BERKELEY (CBS/AP) — Three cardboard cutouts of black men were found hanging by nooses on the Berkeley campus of the University of California.

School spokeswoman Amy Hamaoui said police are trying to determine who hanged the effigies that were found at two prominent campus locations Saturday morning. The spokeswoman said the effigies appear to be connected to a noon-time demonstration nearby planned to coincide with a national protest against police brutality dubbed “#blacklivesmatters.” The effigies appear to be life-size photos of lynching victims.

According to another UC spokesperson Claire Holmes, UC police recieved a cal around 9:10 this morning indicating 2 effigies on campus at Sather Gate. A third was reported at Capanile Tower.

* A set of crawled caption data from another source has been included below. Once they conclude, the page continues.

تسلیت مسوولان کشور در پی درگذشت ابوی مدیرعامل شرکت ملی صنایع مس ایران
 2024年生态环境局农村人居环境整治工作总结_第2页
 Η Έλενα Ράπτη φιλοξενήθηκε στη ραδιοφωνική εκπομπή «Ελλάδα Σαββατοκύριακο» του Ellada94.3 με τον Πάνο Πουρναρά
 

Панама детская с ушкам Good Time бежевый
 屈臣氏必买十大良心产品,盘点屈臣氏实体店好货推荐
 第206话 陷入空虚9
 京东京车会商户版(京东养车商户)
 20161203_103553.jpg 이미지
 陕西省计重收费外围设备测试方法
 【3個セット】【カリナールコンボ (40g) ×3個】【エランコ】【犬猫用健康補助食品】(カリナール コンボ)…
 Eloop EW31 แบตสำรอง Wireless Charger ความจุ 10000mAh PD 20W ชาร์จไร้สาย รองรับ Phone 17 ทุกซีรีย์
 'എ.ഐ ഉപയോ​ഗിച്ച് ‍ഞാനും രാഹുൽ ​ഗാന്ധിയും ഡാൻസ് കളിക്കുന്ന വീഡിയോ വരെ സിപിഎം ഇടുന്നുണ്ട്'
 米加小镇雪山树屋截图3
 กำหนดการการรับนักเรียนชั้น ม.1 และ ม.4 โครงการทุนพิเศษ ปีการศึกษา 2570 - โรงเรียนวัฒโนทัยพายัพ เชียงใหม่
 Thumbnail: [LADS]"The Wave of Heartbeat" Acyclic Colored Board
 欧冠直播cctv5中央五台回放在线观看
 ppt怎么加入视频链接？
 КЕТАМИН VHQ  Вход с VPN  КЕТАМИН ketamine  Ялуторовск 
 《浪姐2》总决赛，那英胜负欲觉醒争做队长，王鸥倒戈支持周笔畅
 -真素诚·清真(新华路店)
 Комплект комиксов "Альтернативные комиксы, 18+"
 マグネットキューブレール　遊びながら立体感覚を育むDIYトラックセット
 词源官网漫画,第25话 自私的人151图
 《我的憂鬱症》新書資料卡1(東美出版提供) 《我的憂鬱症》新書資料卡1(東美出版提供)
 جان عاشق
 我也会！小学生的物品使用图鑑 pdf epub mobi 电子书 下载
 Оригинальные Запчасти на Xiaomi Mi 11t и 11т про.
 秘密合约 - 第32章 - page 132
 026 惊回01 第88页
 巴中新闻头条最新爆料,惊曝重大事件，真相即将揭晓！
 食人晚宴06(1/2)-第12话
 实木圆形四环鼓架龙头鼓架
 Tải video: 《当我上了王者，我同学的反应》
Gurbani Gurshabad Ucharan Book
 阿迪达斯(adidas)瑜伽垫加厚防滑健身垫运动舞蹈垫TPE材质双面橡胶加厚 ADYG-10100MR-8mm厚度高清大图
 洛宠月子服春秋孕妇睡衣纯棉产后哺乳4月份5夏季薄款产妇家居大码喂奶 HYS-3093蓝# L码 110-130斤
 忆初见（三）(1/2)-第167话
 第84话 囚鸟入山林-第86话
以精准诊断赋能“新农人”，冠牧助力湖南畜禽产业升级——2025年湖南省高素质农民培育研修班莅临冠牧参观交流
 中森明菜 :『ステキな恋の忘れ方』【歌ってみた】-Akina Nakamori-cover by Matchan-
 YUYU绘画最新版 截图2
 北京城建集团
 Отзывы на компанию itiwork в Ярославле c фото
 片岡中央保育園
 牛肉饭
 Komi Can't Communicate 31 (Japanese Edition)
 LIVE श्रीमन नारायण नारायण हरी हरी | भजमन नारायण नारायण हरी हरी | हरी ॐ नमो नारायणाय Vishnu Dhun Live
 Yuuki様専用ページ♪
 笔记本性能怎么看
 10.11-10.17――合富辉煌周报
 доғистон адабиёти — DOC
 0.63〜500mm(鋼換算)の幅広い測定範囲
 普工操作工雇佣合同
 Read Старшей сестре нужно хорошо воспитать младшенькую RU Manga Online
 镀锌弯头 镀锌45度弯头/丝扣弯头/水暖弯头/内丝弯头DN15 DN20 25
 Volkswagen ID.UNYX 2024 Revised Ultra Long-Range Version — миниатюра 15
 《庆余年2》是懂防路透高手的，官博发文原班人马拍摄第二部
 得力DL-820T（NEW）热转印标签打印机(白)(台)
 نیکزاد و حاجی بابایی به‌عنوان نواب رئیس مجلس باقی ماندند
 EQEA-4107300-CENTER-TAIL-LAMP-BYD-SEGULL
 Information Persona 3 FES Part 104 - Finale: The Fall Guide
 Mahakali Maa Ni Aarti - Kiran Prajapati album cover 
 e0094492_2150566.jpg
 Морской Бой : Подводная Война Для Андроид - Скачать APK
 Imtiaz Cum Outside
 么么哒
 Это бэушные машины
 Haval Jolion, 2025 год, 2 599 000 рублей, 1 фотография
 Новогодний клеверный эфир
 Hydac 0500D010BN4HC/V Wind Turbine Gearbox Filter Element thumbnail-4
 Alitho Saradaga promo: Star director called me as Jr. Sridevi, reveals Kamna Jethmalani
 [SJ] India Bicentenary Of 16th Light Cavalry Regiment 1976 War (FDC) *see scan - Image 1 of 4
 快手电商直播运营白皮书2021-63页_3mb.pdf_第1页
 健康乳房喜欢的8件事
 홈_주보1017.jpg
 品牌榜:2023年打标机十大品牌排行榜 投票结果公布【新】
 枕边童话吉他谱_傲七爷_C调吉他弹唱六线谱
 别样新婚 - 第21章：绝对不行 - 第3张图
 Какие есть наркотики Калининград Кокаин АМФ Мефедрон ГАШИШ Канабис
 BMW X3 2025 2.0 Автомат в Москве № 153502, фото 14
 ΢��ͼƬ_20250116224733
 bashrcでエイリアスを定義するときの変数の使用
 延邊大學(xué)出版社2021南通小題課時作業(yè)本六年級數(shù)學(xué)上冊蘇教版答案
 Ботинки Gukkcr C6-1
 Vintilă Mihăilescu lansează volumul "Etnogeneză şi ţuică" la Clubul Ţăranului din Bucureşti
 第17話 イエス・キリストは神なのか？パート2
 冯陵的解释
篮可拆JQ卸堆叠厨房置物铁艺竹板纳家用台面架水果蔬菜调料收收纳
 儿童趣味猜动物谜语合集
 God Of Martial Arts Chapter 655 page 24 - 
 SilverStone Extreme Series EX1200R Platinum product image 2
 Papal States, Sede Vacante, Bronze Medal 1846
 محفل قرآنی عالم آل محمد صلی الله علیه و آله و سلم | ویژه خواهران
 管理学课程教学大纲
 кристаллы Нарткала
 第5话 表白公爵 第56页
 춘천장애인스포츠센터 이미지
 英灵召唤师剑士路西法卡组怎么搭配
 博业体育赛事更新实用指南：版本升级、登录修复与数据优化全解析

The effigies had names of actual past lynching victims and the dates of their death. At least one effigy had “I Can’t Breathe” printed on the front. Hamaoui said it’s unclear whether protest organizers or someone else hanged the effigies. Two were removed by police and a student took down the third.

“Clearly those are words that are being used as part of the protest today against police violence,” Holmes said. “But this could also potentially have been racially motivated.”

Hundreds of demonstrators met Saturday afternoon in Berkeley and marched to Oakland to join the “Millions March,” part of a series of protests across the nation denouncing police brutality.

There was also a “Ferguson2Cal” rally scheduled for noon Saturday in Berkeley at Bancroft Way and Telegraph Avenue near the UC Berkeley campus, according to community organizers.

Holmes said the police are trying to find out who put the effigies on campus and why. If the effigies were racially motivated, Holmes said the police would seek criminal charges.

“We are in dialogue with students who are upset and want to have a climate on the campus where everybody feels safe and are able to be part of the community,” Holmes said. “If it was racially motivated, this is not tolerable on.”

The vice chancellor of student affairs will be working with students over the coming week to create opportunities to process the incident, Holmes said.

“We are encouraging anyone with information about this to come forward to the UC police department,” Holmes said.